- Born: Louis Schoorl 23 December 1976 (age 49) The Netherlands
- Origin: Sydney, New South Wales, Australia
- Occupations: Songwriter, producer, composer, multi-instrumentalist
- Labels: Disney Music Publishing
- Website: www.louisschoorl.com

= Louis Schoorl =

Australian songwriter and music producer

Louis Schoorl (born 23 December 1976) is a Dutch-born Australian songwriter, composer, producer and multi-instrumentalist.

==Career==
Based in Sydney, Australia, Schoorl has written or produced for 5 Seconds of Summer, Taylor Henderson, Jessica Mauboy, Girls' Generation, Stan Walker, The Fooo, Dami Im, Guy Sebastian, 360, Pez and M-Phazes. He's worked alongside singer-songwriters including Daniel Johns, Tina Arena, De La Soul, Delta Goodrem, The Veronicas, Kimbra, Bertie Blackman, Benjamin Francis Leftwich, Georgie Kay and Mike Rosenberg aka Passenger.

Schoorl songs have topped the Swedish, Japanese and Australian Charts including runner-up of The X Factor Australia, Taylor Henderson's "Borrow My Heart".

On a trip to Stockholm Louis wrote a song with Erik Lewander and Ylva Dimberg of The Kennel that was released by Girls' Generation on their Japanese album Love and Peace. The track "My Oh My" has notched up more than 20 million YouTube views. Girls' Generation have set a new record by becoming the first Korean girl group to top the Oricon Weekly Album Chart twice with their 3rd Japanese full-length album Love & Peace.

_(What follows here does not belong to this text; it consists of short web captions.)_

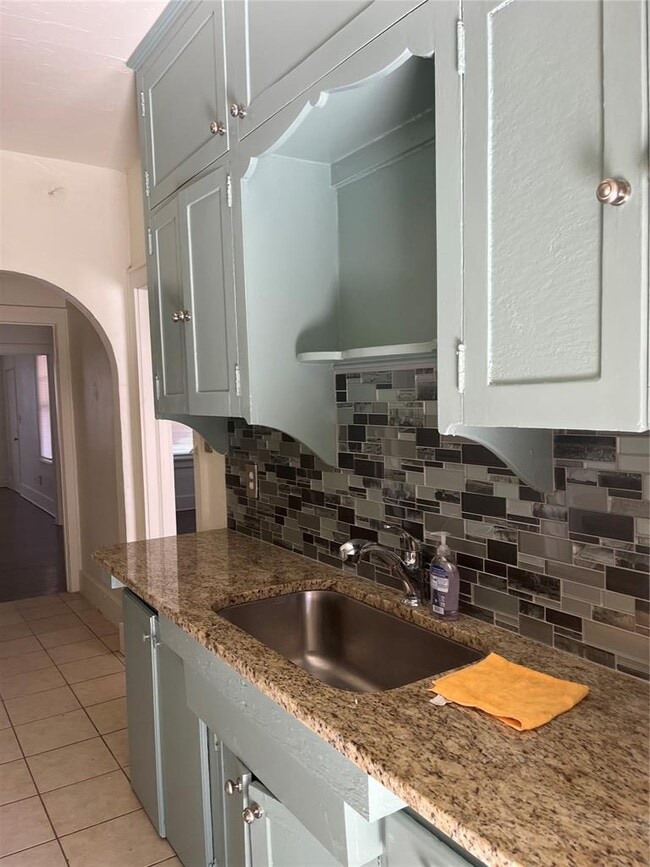 Photo - 1508 NW 18th St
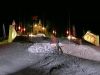 mondial du ski 2006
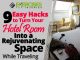 9-Easy-Hacks-to-Turn-Your-Hotel-Room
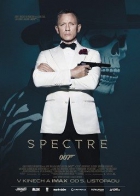 Online film Spectre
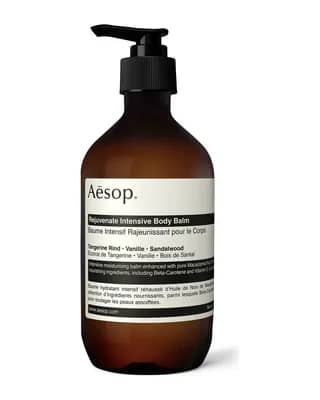 Aesop Balsamo Corpo Rinvigorente 500 ml
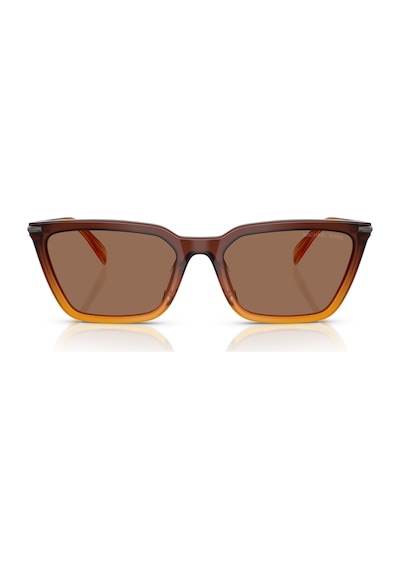 Mk 2250u 401073 58 Michael Kors Everglades Güneş Gözlüğü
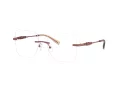 Michael Kors Giverny MK 3078 1900 54 Women glasses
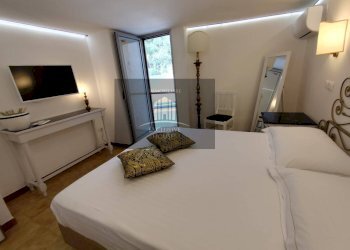 Trilocale Traversa  di Via Gaetano Martino, Taormina - foto 17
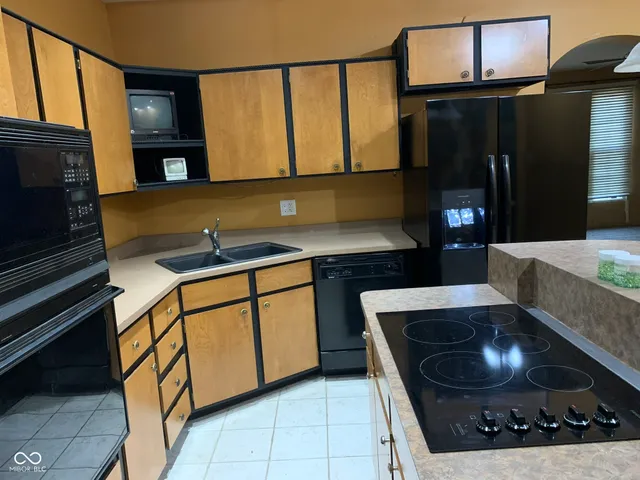 $115,000 | 831 South 9th Street, Terre Haute, IN 47807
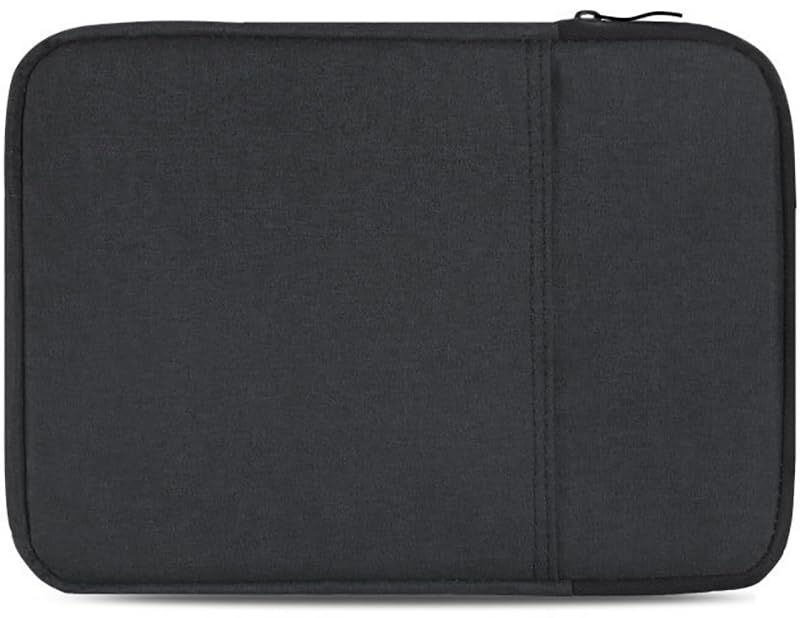 Amazon.co.jp: CYBERGARAGE・iFLYTEK AINOTE Air 2 ケース 8.2インチ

Schoorl won Breakthrough Songwriter of the Year at the 2014 APRA Awards held in Brisbane in recognition of a hot stretch in 2013 during which he wrote, co-wrote and produced 88 songs, collaborating with such acts as 360, Daniel Johns, Taylor Henderson and Jessica Mauboy. Schoorl is signed to a worldwide publishing deal with Disney Music Publishing.

Schoorl co-wrote the original song "Gotcha" for the Australian film The Sapphires with Ilan Kidron and the film's star, Jessica Mauboy. The film's soundtrack was nominated for an ARIA Music Award for the Best Original Soundtrack and Best Pop Release. Jessica Mauboy also received an ARIA Nomination for Best Female Artist for "Gotcha".

In 2018 he co-wrote the Swedish entry for that year's Eurovision Song Contest, Dance You Off, performed by Benjamin Ingrosso.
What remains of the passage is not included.